Can you say a few words about you educational plans and maybe about your future profession?

Right now I’m having the last class in my bachelor degree Managing psychology in business. My plan was to focus on climbing a little bit for some time, but I’d love to go back to school and get my masters of psychology. I love being able to help people and I think that mental healthiness is very important. So I’m planning to work with people, maybe it will be sport psychology or general psychology, something like this.

Let’s talk about the people who helped you to become a leader of the National team. Who’s your coach?

Right now, my coach is Josh Larsen and he is a US head coach as well. He started coaching me pretty recently, so we are working together for a couple of months maybe. I had another coaches when I was younger, but from 18 till this year I was training by myself.

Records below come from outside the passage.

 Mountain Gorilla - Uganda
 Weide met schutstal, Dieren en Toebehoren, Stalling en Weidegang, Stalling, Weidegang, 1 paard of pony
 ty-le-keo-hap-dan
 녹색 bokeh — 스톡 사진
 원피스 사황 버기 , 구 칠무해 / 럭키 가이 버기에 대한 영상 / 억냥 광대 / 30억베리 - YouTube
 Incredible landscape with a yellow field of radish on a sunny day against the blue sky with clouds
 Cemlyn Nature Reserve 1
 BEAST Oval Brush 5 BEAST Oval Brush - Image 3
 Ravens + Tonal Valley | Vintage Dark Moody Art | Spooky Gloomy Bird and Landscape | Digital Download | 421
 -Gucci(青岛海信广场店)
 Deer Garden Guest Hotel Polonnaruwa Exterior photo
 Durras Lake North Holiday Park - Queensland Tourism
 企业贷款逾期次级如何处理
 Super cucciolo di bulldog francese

Photo: Christian Adam / Black Diamond

Do you think you need a coach?

No, I don’t think so, because I trained by myself for so long. But now when I train with a coach it’s good to have someone to push you. Somebody who can say: “Come on, you can do it, just try harder!” It’s also good when the coach tells you what you will do this week, because I ask myself that question all the time when I did not have a coach. I also work with physiotherapist. He helps me to choose and do special workouts.

You are in a perfect form now. Can you share your secret of staying slim with our readers? Do you have a special diet?

I don’t eat meet since 9 years old. But I eat fish.

What is your favorite breakfast?

It’s definitely a toast and yogurt with blueberries.